The corporate world has often undervalued the significance of developing an all-encompassing work environment that caters to employees’ demands. They have long prioritized profits and productivity over employee welfare. 

“Lack of awareness of employees’ wants and expectations is one of the main problems businesses encounter. Often, businesses make the mistake of assuming their workers’ motivations are money and job security. However, this is no longer the case, as many workers now choose jobs more meaningful and compatible with their objectives and values,” says Rahul Kalidindi, CEO at Akrivia HCM.

Experts say this is why the office culture is frequently stressful and competitive, leading to an unbalanced work life.

However, Cable says that organizations don’t usually need more money to improve the work environment. “They need to change leaders’ mindsets so that work is designed with personalized purpose and skills development in mind.” 

When jobs allow people to see the impact of their daily activities, use their unique strengths each day, and learn to try new things, experts say, it activates the part of the brain responsible for dopamine. This neurotransmitter makes us feel more alive. 

Thus, “in addition to being paid fairly, we get intrinsic rewards and feel motivated to stay and work hard,” adds Cable.


Employers should take this to heart. Although organizations may offer generous pay and benefits, they should consider other well-being elements to show they care about their employees’ growth.

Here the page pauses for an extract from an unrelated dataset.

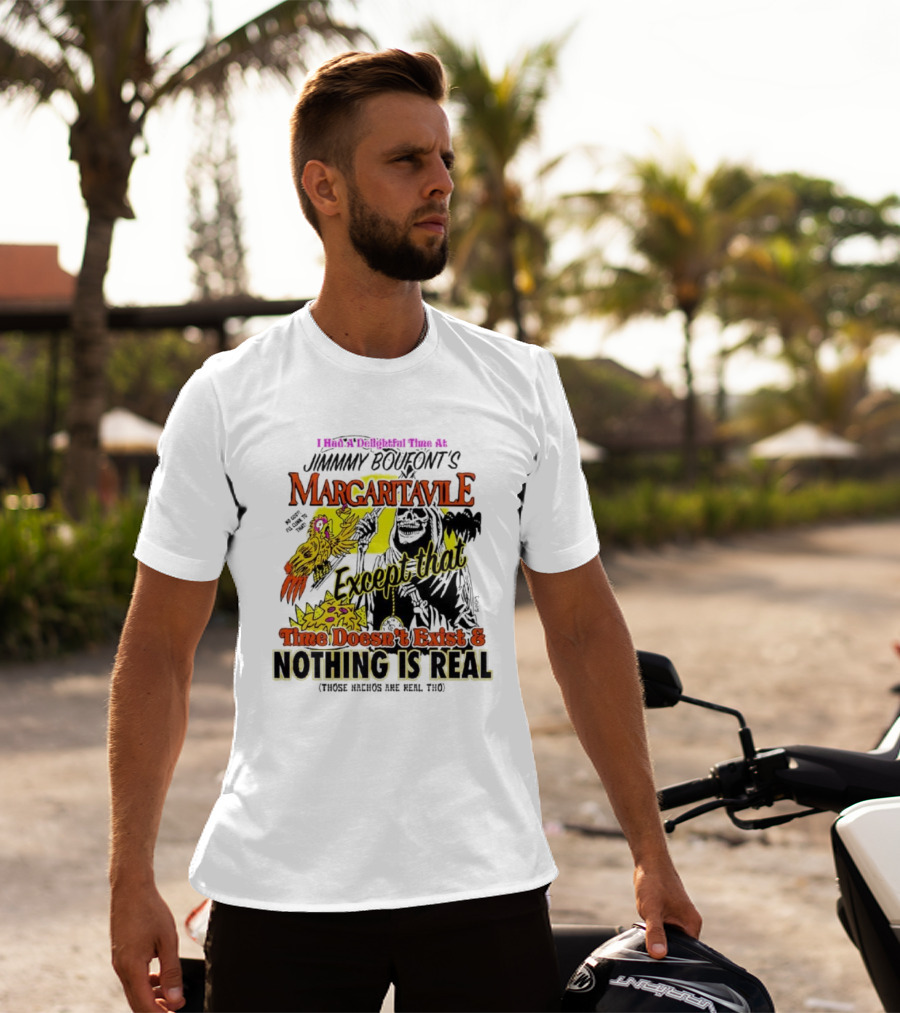 Jimmy Boufont’s Margaritaville Except That Time Doesn’t Exist And Nothing Is Real T-Shirt
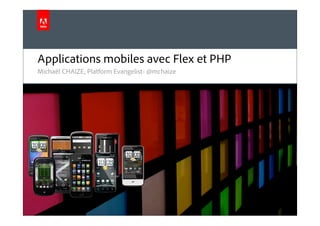 © 2010 Adobe Systems Incorporated. All Rights Reserved. Adobe Confidential.
Michaël CHAIZE, Platform Evangelist- @mchaize
Applications mobiles avec Flex et PHP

First, “people should be granted the possibility to grow,” says Anastasia Denisova, CEO at Realiste MENA. 

In her 100-people team, Denisova recalls how some of them felt like they could not develop as they wished. “So, we offered them an opportunity to experiment and develop their talents.”

For instance, in her company, she says, employees can try numerous roles in one year and find the one that suits them best. “Thanks to that, our team members started growing faster and working more enthusiastically.”

“People are ready to invest their time and resources when they have a sense of mission. Most of us want to be part of something big that can, if not change the world, at least revolutionize some field,” she adds.

Jobs that are in line with employees’ beliefs and priorities are often worth it, according to experts. They want to work for a company that shares their values and has a positive company culture, work with supportive and encouraging colleagues, and t feel that their work is meaningful and has a positive impact.

According to Kalidindi, one of the most important factors influencing employee satisfaction is their compensation and benefits package. But a positive company culture can also make a big difference in employee satisfaction and retention. “Companies should foster a supportive and inclusive environment where employees feel valued and respected. Encouraging teamwork, recognition and rewards, and open communication can contribute to a positive company culture,” he says.

Apart from competitive salaries and great culture, experts say, organizations in the Middle East can make jobs “worth it” by investing in employee development, promoting work-life balance, and providing a clear path for career advancement. After all, increasing employee satisfaction and retention can contribute to long-term growth.